Os dois personagens aparecem como sujeitos decadentes que tiveram seu auge no passado e hoje, mesmo sendo a última esperança do governo, estão ultrapassados. Os diálogos estabelecidos entre a dupla evidenciam isso por meio de seu estado físico e suas ações apontam o desgaste do tempo e da profissão.

Entretanto, são essas mesmas características que demonstram a eficiência da dupla e a eventual ausência de aptidão dos policiais menos experientes. Tudo isso envolto da química latente que há entre os personagens. A interação e os diálogos entre os dois oferecem as sequências mais importantes de “Estrada Sem Lei”, sendo, inclusive, mais eletrizantes do que a maioria das cenas ditas de ação.

Show técnico

Os aspectos técnicos do filme são outro ponto em destaque. A equipe de arte, principalmente as responsáveis pela cenografia e figurino, conseguiu com destreza remeter aos primeiros anos da década de 1930. Os carros de época, as estradas pouco pavimentadas rodeadas de mato e o armamento nos ambientam no período de maior atividade de Bonnie e Clyde. Quanto ao figurino, tudo remete para casar com a paleta de cor sépia escolhida para transportar ao passado: vestidos, penteados e chapéus femininos e os ternos em tons terrosos.

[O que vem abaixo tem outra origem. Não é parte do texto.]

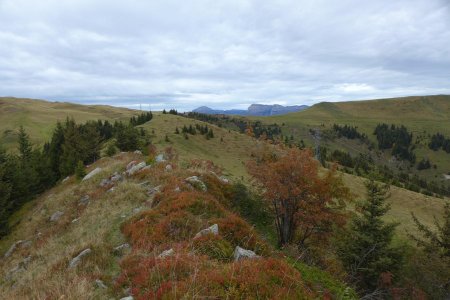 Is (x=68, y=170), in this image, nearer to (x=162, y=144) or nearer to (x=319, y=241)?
(x=162, y=144)

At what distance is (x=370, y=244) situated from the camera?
19.6 m

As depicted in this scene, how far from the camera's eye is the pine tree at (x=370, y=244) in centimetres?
1927

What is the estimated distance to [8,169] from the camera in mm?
37000

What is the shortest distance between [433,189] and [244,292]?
420 feet

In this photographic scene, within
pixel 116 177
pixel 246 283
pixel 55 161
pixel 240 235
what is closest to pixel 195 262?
pixel 246 283

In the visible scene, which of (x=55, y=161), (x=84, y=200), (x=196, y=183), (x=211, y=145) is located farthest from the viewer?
(x=211, y=145)

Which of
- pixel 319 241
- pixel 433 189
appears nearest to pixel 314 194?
pixel 319 241

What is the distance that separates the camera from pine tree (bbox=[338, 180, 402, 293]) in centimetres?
1927

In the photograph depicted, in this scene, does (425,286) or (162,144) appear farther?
(162,144)

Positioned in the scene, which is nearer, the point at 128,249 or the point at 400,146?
the point at 128,249

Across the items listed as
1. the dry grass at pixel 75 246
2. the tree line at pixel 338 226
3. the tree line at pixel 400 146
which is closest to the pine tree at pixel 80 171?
the dry grass at pixel 75 246

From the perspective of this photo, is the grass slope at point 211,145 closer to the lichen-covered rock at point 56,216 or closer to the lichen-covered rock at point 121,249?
the lichen-covered rock at point 56,216

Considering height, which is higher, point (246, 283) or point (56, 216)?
point (246, 283)

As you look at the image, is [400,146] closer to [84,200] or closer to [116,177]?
[116,177] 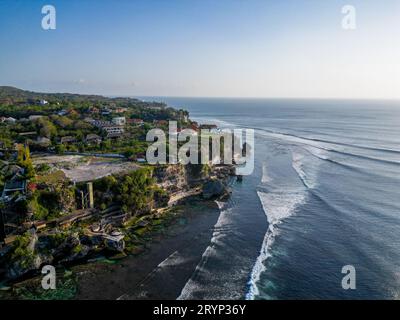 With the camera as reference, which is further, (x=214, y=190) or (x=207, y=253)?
(x=214, y=190)

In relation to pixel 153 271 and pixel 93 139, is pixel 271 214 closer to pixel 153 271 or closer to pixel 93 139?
pixel 153 271

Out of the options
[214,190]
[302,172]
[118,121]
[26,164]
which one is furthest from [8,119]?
[302,172]

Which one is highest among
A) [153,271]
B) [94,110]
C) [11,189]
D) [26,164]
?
[94,110]

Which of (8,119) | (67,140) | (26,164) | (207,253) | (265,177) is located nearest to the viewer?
(207,253)

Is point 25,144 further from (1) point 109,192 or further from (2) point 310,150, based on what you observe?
(2) point 310,150

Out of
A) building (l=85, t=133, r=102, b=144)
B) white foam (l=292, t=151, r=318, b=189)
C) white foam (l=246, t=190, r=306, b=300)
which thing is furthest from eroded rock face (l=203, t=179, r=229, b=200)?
building (l=85, t=133, r=102, b=144)

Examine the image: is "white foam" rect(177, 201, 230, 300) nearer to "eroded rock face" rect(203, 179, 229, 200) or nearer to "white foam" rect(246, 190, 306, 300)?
"eroded rock face" rect(203, 179, 229, 200)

Outro aspecto que chama a atenção é o estilo de John Schwartzman. O diretor de fotografia, que costuma ser um parceiro regular de Hancock, coloca o contexto da obra como ocorrida em um tempo distante e saudoso. Embora suas escolhas sejam convencionais e sempre enfoque a dupla protagonista como o lado certo da lei. A luz constante a iluminar Hamer e Gault e a ausência de um rosto para o casal de criminosos evidenciam isso. Completando a ambientação da obra está a trilha sonora, que consegue ser agradável e dar um tom enérgico ao filme.

“Estrada Sem Lei” é um thriller de detetive que surpreende por seguir uma linha de condução oposta ao que se popularizou. Hancock e seu time procuram valorizar os responsáveis por acabar com o império do crime de Bonnie e Clyde, desprendendo-os do título de Robin Hood e os aproximando da real faceta de anti-heróis. Mas, ver isso em tela só torna-se satisfatório por conta de Costner e Harrelson.

Manos arriba!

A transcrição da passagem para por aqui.